Origines, promesses et limites intrinsèques des critères ESG
Les critères ESG émergent dans les années 2000 comme une réponse à la nécessité d’encadrer la responsabilité des entreprises face aux défis globaux (réchauffement climatique, inégalités, gouvernance déficiente). Pour autant, la démarche ESG s’inscrit avant tout dans la logique du “do no harm” (ne pas nuire).
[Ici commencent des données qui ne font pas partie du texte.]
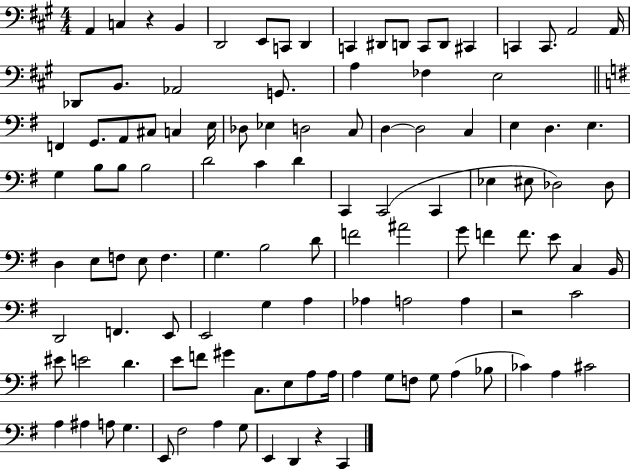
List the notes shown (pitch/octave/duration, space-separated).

A2/q C3/q R/q B2/q D2/h E2/e C2/e D2/q C2/q D#2/e D2/e C2/e D2/e C#2/q C2/q C2/e. A2/h A2/s Db2/e B2/e. Ab2/h G2/e. A3/q FES3/q E3/h F2/q G2/e. A2/e C#3/e C3/q E3/s Db3/e Eb3/q D3/h C3/e D3/q D3/h C3/q E3/q D3/q. E3/q. G3/q B3/e B3/e B3/h D4/h C4/q D4/q C2/q C2/h C2/q Eb3/q EIS3/e Db3/h Db3/e D3/q E3/e F3/e E3/e F3/q. G3/q. B3/h D4/e F4/h A#4/h G4/e F4/q F4/e. E4/e C3/q B2/s D2/h F2/q. E2/e E2/h G3/q A3/q Ab3/q A3/h A3/q R/h C4/h EIS4/e E4/h D4/q. E4/e F4/e G#4/q C3/e. E3/e A3/e A3/s A3/q G3/e F3/e G3/e A3/q Bb3/e CES4/q A3/q C#4/h A3/q A#3/q A3/e G3/q. E2/e F#3/h A3/q G3/e E2/q D2/q R/q C2/q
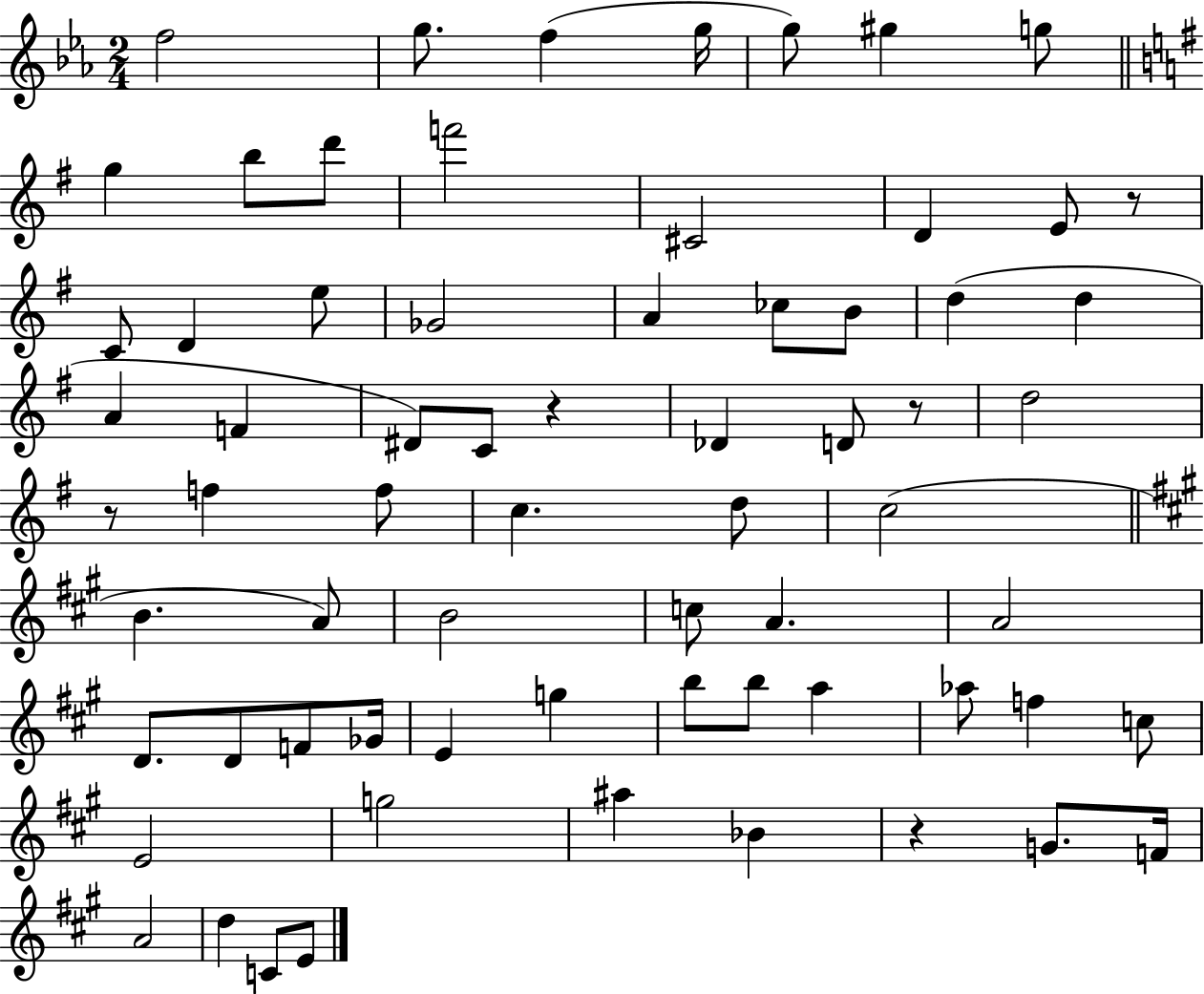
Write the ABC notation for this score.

X:1
T:Untitled
M:2/4
L:1/4
K:Eb
f2 g/2 f g/4 g/2 ^g g/2 g b/2 d'/2 f'2 ^C2 D E/2 z/2 C/2 D e/2 _G2 A _c/2 B/2 d d A F ^D/2 C/2 z _D D/2 z/2 d2 z/2 f f/2 c d/2 c2 B A/2 B2 c/2 A A2 D/2 D/2 F/2 _G/4 E g b/2 b/2 a _a/2 f c/2 E2 g2 ^a _B z G/2 F/4 A2 d C/2 E/2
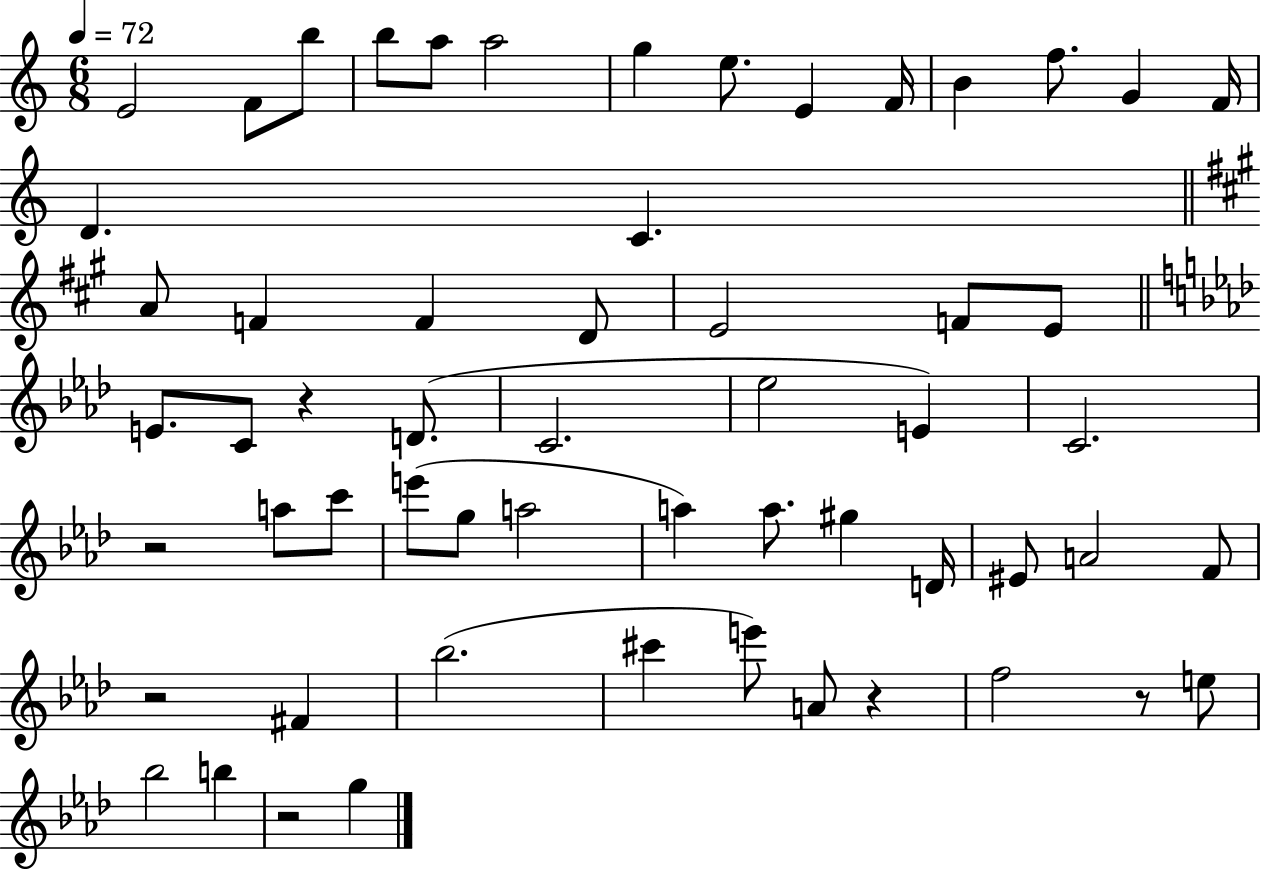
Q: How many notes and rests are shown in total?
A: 58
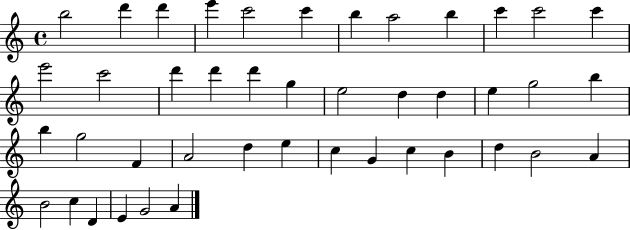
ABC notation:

X:1
T:Untitled
M:4/4
L:1/4
K:C
b2 d' d' e' c'2 c' b a2 b c' c'2 c' e'2 c'2 d' d' d' g e2 d d e g2 b b g2 F A2 d e c G c B d B2 A B2 c D E G2 A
L’objectif initial : limiter les externalités négatives, réduire les risques réputationnels et favoriser une meilleure gestion opérationnelle.
Cette approche, largement reprise par les gestionnaires d’actifs européens sous l’impulsion de textes comme la réglementation SFDR (Sustainable Finance Disclosure Regulation), s’appuie sur l’analyse systématique d’indicateurs couvrant trois grands piliers :
- Environnement : gestion de l’énergie, émissions CO2, usage des ressources naturelles
- Social : qualité du dialogue social, politique de diversité, santé et sécurité au travail
- Gouvernance : indépendance et composition des conseils, transparence fiscale, lutte contre la corruption
Loin d’être homogène, la méthodologie ESG souffre d’une diversité d’interprétations et d’un manque d’uniformité dans la collecte et l’analyse des données, ce que souligne la Commission européenne dans son rapport 2022 sur la taxonomie verte.
Surtout, l’intégration ESG vise davantage la gestion des risques (du point de vue des investisseurs) que la création délibérée d’effets sociaux tangibles (cf. FSB 2022).